Yet another of the contrasts generally accepted as genuine is Jesus' saying, "Love your enemies and pray for those who persecute you" (Matthew 5:44 ). This mandate for mission implies that Jesus consciously mediates messianic love in his word of forgiveness and table fellowship with sinners. Internal attitudes are emphasized more intensely by Jesus in the new messianic time than they were in the Old Testament typologies: "Nothing outside a man can make him 'unclean' by going into him. Rather, it is what comes out of a man that makes him 'unclean'" (Mark 7:15 ). This saying goes against the grain of rabbinic and sectarian Judaism by insisting that it is one's own attitudes and behavior, not external practices relating to foods, which defile a person. It is one of the most remarkable statements of Jesus and is coherent with Jesus' attitude and behavior toward tax collectors and sinners. When the saying is placed in the context of Jesus' inaugurated kingdom proclamation, one sees that the kingly Messiah requires a new attitude and conversion of thought in regard to himself. There is no longer clean and unclean according to the old typologies of food and ethnic priorities, but equality between Jew and Gentile through the far-reaching forgiveness of the Messiah that brings inner transformation. By forgiving sinners and by fellowshiping with them in joyous feasting Jesus personifies the kingly messianic activity of God. Thus the petition in the Lord's Prayer, "Forgive us our sins, as we ourselves herewith forgive everyone who has sinned against us" implies not only the presence of forgiveness in Jesus the Messiah but acknowledges that his disciples are to carry on the messianic mission by sharing the good news of forgiveness with others.
The texts examined above imply the present work of the Messiah. A number of "consensus" passages also imply confidence in the future dimension of the Messiah's inaugurated work. The parable of the sower (Mark 4:3-9 ) contrasts the small amount of seed and the bountiful harvest. Forgiveness and table fellowship, like the seed, are planted and taking root and anticipate rich blessings to come as the fruition of Jesus' messianic work. Only one who is supremely self-confident about what is coming to pass through his present words and Acts, and about what will be brought to fruition in the future, could utter such sayings as those of the mustard seed (Mark 4:30-32 ), the leaven (Matthew 13:33 ), the seed growing of itself (Mark 4:26-29 ), the petition "your kingdom come" (Matthew 6:10 ), and the prophecy "I say to you that many will come from the east and the west, and will take their places at the feast with Abraham, IsaActs and Jacob in the kingdom of heaven" (Matthew 8:11 ). What is remarkable about all these sayings is the implied declaration of small beginnings, big endings. Already seeds are being sown and are taking root, bread is rising, the reign of God is inaugurated, the banquet has already begun as converted sinners begin to feast at the gracious Messiah's table, and all will be brought to fulfillment at the end of the age.

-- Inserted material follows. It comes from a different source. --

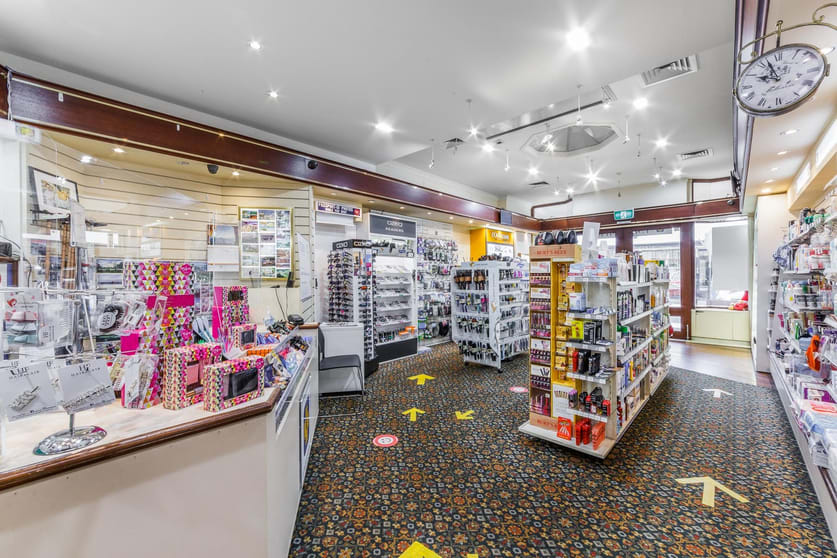 Click to view all images 131 Maling Road Canterbury VIC 3126 - Image 2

Jesus claims that in his ministry both the prophetic and wisdom traditions of the Old Testament are superseded: "and now one greater than Jonah is here ... , now one greater than Solomon is here" (Matthew 12:41-42 ). He says to his hearers, "But blessed are your eyes because they see, and your ears because they hear. For I tell you the truth, many prophets and righteous men longed to see what you see but did not see it, and to hear what you hear but did not hear it" (Matthew 13:17 ). Jesus sees himself as the Messiah who inaugurates the reign of God and phases out the old era of the prophets represented by John the Baptist. In a passage that is distinctly messianic, John the Baptist, hearing in prison what Christ was doing, inquires of Jesus through his disciples, "Are you the one who was to come, or should we expect someone else?" (Matthew 11:2-3 ). Jesus presents as evidence his works of miracles and preaching and remarks, "I tell you the truth: Among those born of women there has not arisen anyone greater than John the Baptist; yet he who is least in the kingdom of heaven is greater than he. From the days of John the Baptist until now, the kingdom of heaven has been forcefully advancing, and forceful men lay hold of it" (Matthew 11:11-12 ). The new and forceful arrival of the redemptive reign of God is embodied in the ministry of Jesus, who binds Satan and plunders his stronghold, releasing his prisoners: "But if I drive out demons by the Spirit of God, then the kingdom of God has come upon you. Or again, how can anyone enter a strong man's house and carry off his possessions unless his first ties up the strong man? Then he can rob his house" (Matthew 12:28-29 ). In these declarations of messianic intention Jesus shows that he is conscious of being the stronger man who, with the Father and the Spirit, is despoiling satanic power and redeeming prisoners from spiritual bondage.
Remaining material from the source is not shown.